Colleen: My personal story is interesting in that I joined The Mom Project [at the] seed round. No funding, really, to date. I was eight months pregnant. They paid my maternity leave: eight weeks, fully paid. They were very early stage at that point. Obviously, we’re walking the walk and it’s an important piece. If you can’t get hired pregnant at The Mom Project, we don’t have any hope for anyone! But then I was thinking, okay, if this weren’t a possibility or you didn’t even have an A round in the future, what are things that we can do?

You’re ultimately coming up with what I like to call, “the mom stack.” So you’ve got your tech stack and that’s how you operate your business. You have the mom stack, or the working parents stack: what are all these solutions that you can put in place that ultimately solve or ease the pain for some of these things? One of them might be a nursing room, but ultimately it’s not just about the nursing room; it’s about creating a culture that supports that mom being able to go into that nursing room and actually use it. What we find is, oh, yeah, my company has this amazing suite of nursing rooms, but no one can use it because we’re back-to-back-to-back all day long, and our bosses don’t understand that we need to have a little bit of buffer. So it’s creating the perks and then creating the culture around it that supports those people using those perks.

A whole lot more than helping companies hire great women

Scott: What is it about this that makes it so easy for you to be passionate?
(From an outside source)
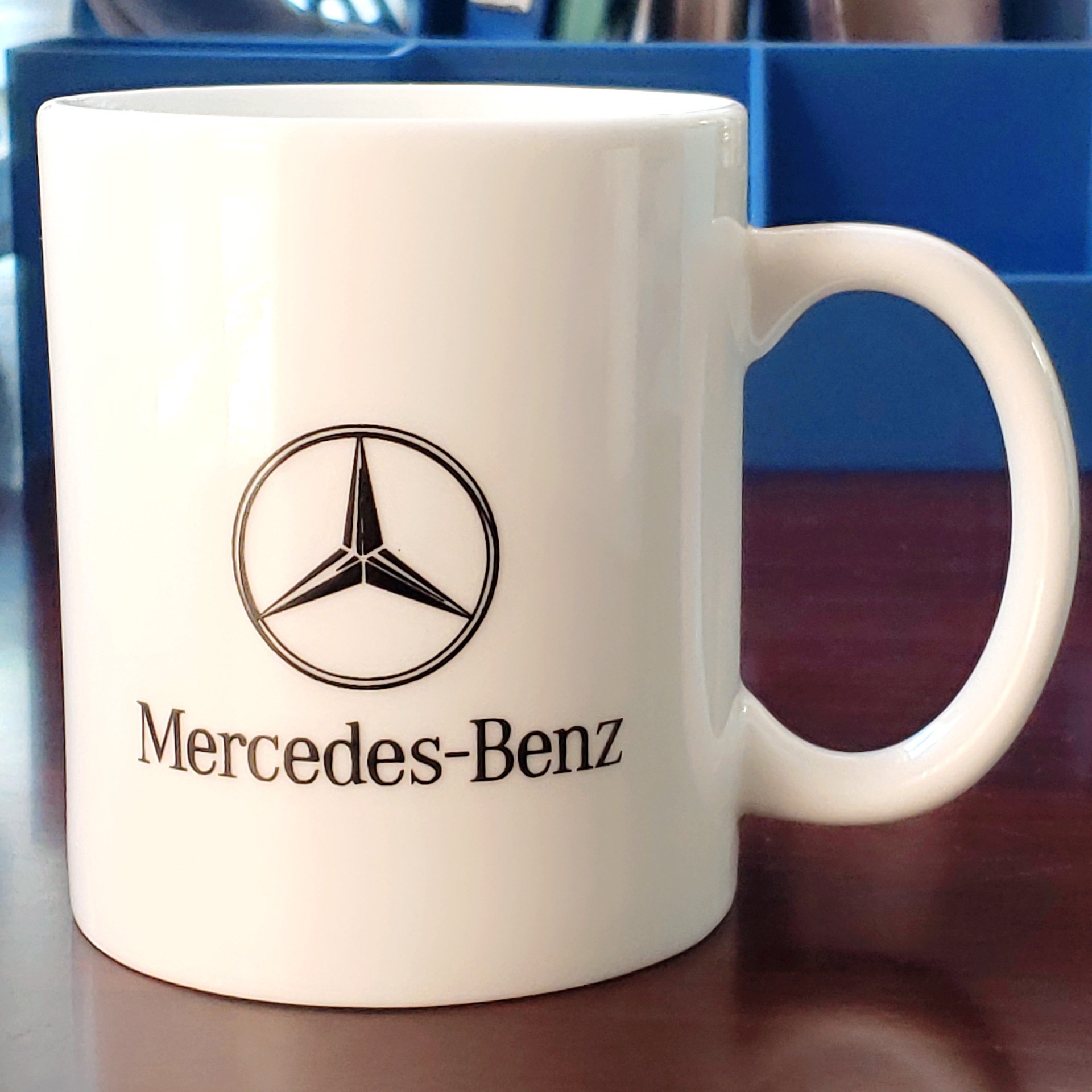 Taza de cerámica de color Taza internacional transfronteriza Patrón de marca personalizada Taza cambiante de color Logotipo personalizado Taza recta 11oz taza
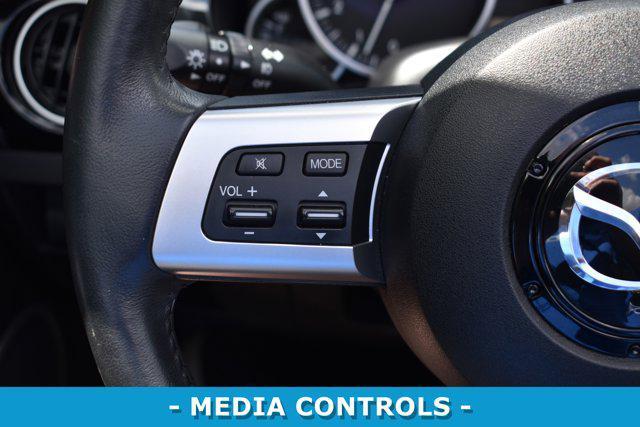 used 2008 Mazda MX-5 Miata car, priced at $18,182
Colleen: It’s the moms. I talk to moms every day: I hear from moms via email, I hear from them on LinkedIn, I hear from them on social. The demand for a solution and a champion for working moms — and working parents — is so vast. It’s something that’s close to my heart, obviously, as a working mom. But just to see this groundswell of traction, but also their willingness and aspirations to help each other. Almost every day I get emails: I want to volunteer to help The Mom Project; how do I mentor someone? How do I help someone get a job? Because once you’re in it and you become a working parent, you’re like, wow, this is so much harder than I thought it was going to be. So it’s ultimately this connectedness that I think The Mom Project mission embodies. And it’s more than just, hey, we help companies hire great women

The secondary thing and the thing I’m really passionate about is our ability to solve this at a company level, and then also at a policy level. So once we can start getting these big players in better shape, supporting working parents, we can start advocating at a higher level, then this problem starts to get better — because we’re currently in a place that’s all-in crisis for working parents.